Tayland Turizm Güvenliği Resmi söz konusu mu?

txvfnhyjpjogcfrojoda
txvfnhyjpjogcfrojoda
Juergen T Steinmetz'in avatarı
Tarafından yazılmıştır Jürgen T Steinmetz

FIFA, Avustralya ve Bahreyn arasında bir insan hakları konusunda bir çatışma ve kendi ülkesi Bahreyn tarafından aranan profesyonel bir futbol yıldızı Hakeem AlAraibi'nin karıştığı bir sığınma davası, Tayland'daki Seyahat ve Turizm Endüstrisi İmajını, insan haklarını ve güvenlik algısını bozabilir.

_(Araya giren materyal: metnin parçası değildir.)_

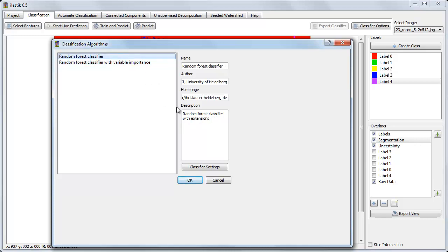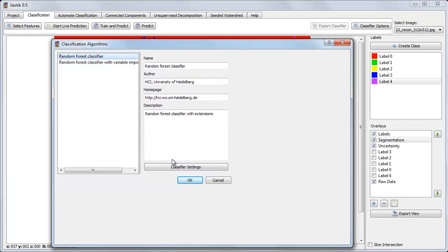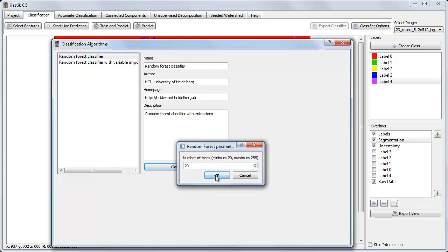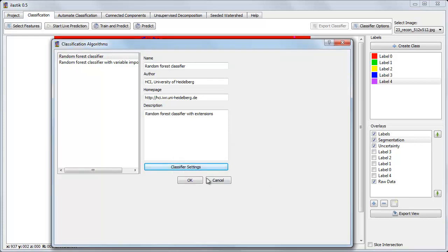But the random forest classifier has one setting. We can increase or decrease this parameter, the number of trees. The fewer trees there are, the faster the predictions, but the more variance there will be in the results.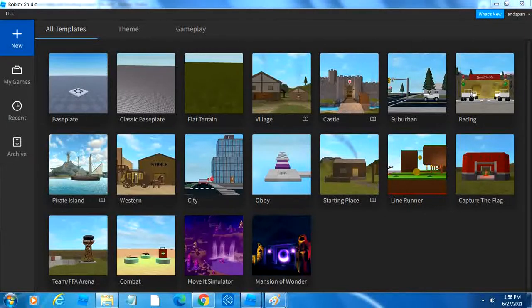Welcome! This is my very first video for my Roblox Studio series. In this video, I'll be covering the basics of Roblox Studio. Let's get started.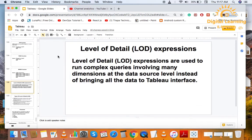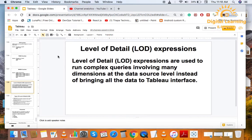Basically, level of detail expressions are used to run complex queries involving many dimensions. At the data source level, instead of bringing all data to Tableau interface. Means, we use complex queries to run some complex queries, and we do not have access to all the data.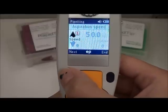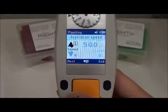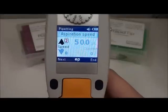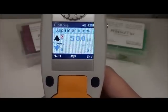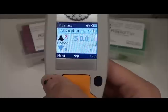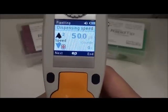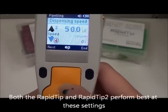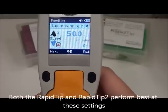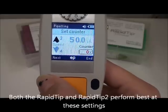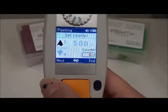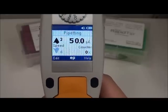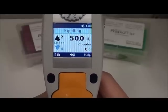Then we can hit next and it'll highlight the aspiration speed. Right now we have it at 1, and the highest is 8 — we think that 2 is one of the optimum speeds to aspirate with. So we're going to leave it at that and go to next. Since the highest speed you can do is 8, I think 4 is a good dispensing speed for that. We're going to go next again, and it highlights the counter, which we're going to leave at 0, and hit end. It saves our changes, and now you'll be ready to pipette up and down.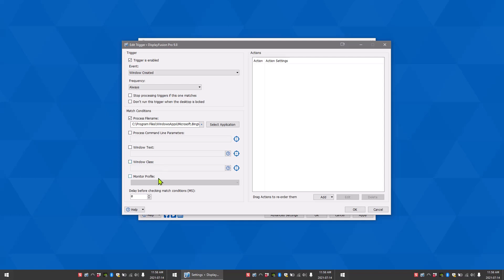The monitor profile option allows you to run the rule only when a certain monitor profile is currently loaded.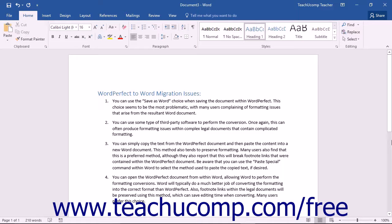Many law offices have WordPerfect documents that they need to convert to Word documents. There are many ways to perform this task, and this lesson looks at some of the pros and cons of the various methods used. The main issues when converting WordPerfect legal documents to Word legal documents are preserving formatting and preserving notations, such as footnote links.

FIFA, Avustralya ve Bahreyn arasında bir insan hakları konusunda bir çatışma ve kendi ülkesi Bahreyn tarafından aranan profesyonel bir futbol yıldızı Hakeem AlAraibi'nin karıştığı bir sığınma davası, Tayland'daki Seyahat ve Turizm Endüstrisi İmajını, insan haklarını ve güvenlik algısını bozabilir.

Bahreyn/Avustralya'da ikamet eden ve profesyonel futbolcunun Tayland'da gözaltına alınması, Körfez devleti Interpol'ün suistimalini ve uluslararası işbirliği konularını vurguluyor. Avustralya'nın Interpol'e siyasi amaçlı kırmızı bülteni geri çekmesi, Tayland'ın iadeyi reddetmesi ve Bahreyn'in iade talebini geri çekmesi için baskı yapması gerekiyor. FIFA ayrıca Interpol'ün güçlü bir mali destekçisi olmuştur ve sporcularına karşı kırmızı bültenin kaldırılması için baskı yapmak için kendi kanallarını kullanmalıdır.

Hakeem Ali Mohamed Ali AlAraib, anavatanı Bahreyn'de siyasi zulüm iddialarıyla ilgili kapsamlı bir soruşturmanın ardından geçen yıl Avustralya'da siyasi sığınma hakkı aldı; Ancak bugün Bay AlAraib, Bahreyn iadesini istediği için Tayland'da gözaltında tutuluyor. Bu siyasi saikli talep Interpol tarafından derhal reddedilmeliydi; Bay Alaraib, 2012 yılında Bahreyn makamlarının elinde işkence gördü ve Tayland iade talebinden vazgeçerse benzer veya daha kötü muameleyle karşılaşacağından şüphe yok.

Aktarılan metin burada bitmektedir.